Recorded information —
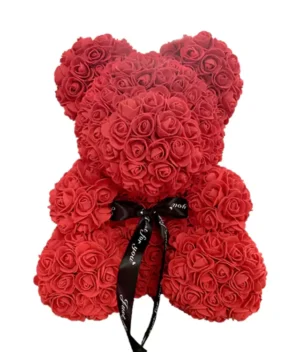ours en rose éternelle rouge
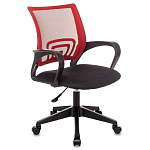 Офисное кресло с основанием из черного пластика Desk chairs Red варинант исполнения - 1 | Loft Concept в Ижевске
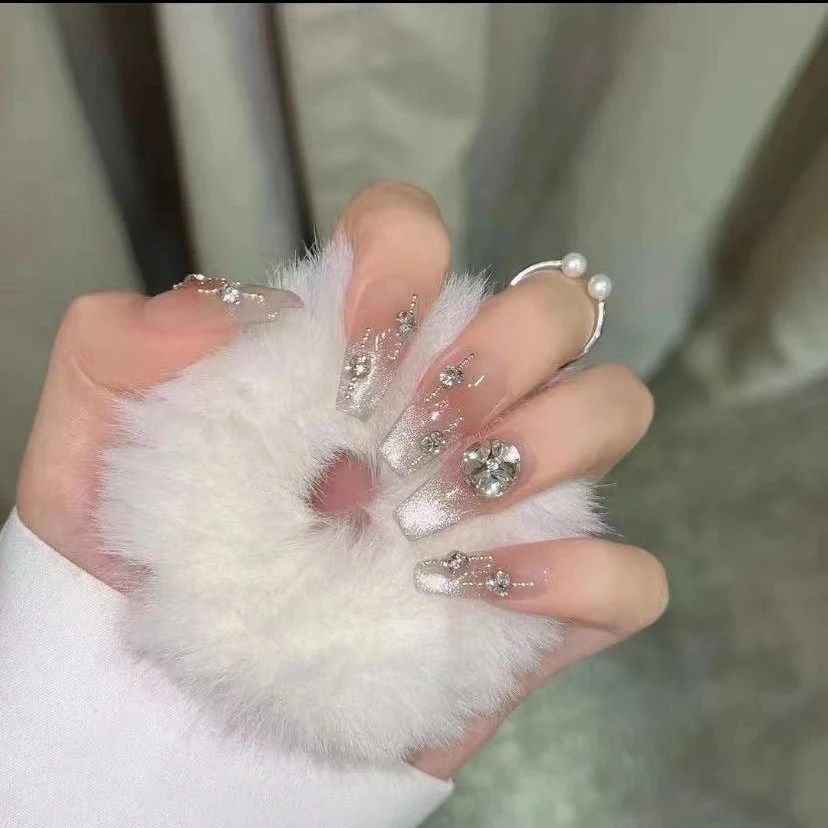 《梦幻精灵》腮红猫眼气质纯欲风显白纯手工穿戴甲美甲工具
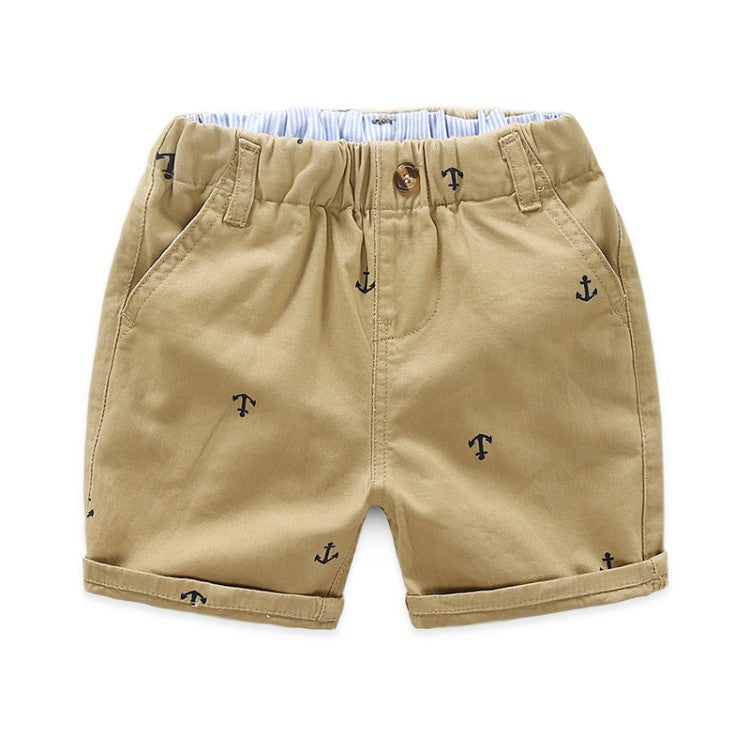 Pantalones Cortos Informales de Algodón para Niños — Estilo Coreano Verano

Exercise — Write the listing out a second time exactly, dropping all images.

Answer section —
ours en rose éternelle rouge
 Офисное кресло с основанием из черного пластика Desk chairs Red варинант исполнения - 1 | Loft Concept в Ижевске
 《梦幻精灵》腮红猫眼气质纯欲风显白纯手工穿戴甲美甲工具
 Pantalones Cortos Informales de Algodón para Niños — Estilo Coreano Verano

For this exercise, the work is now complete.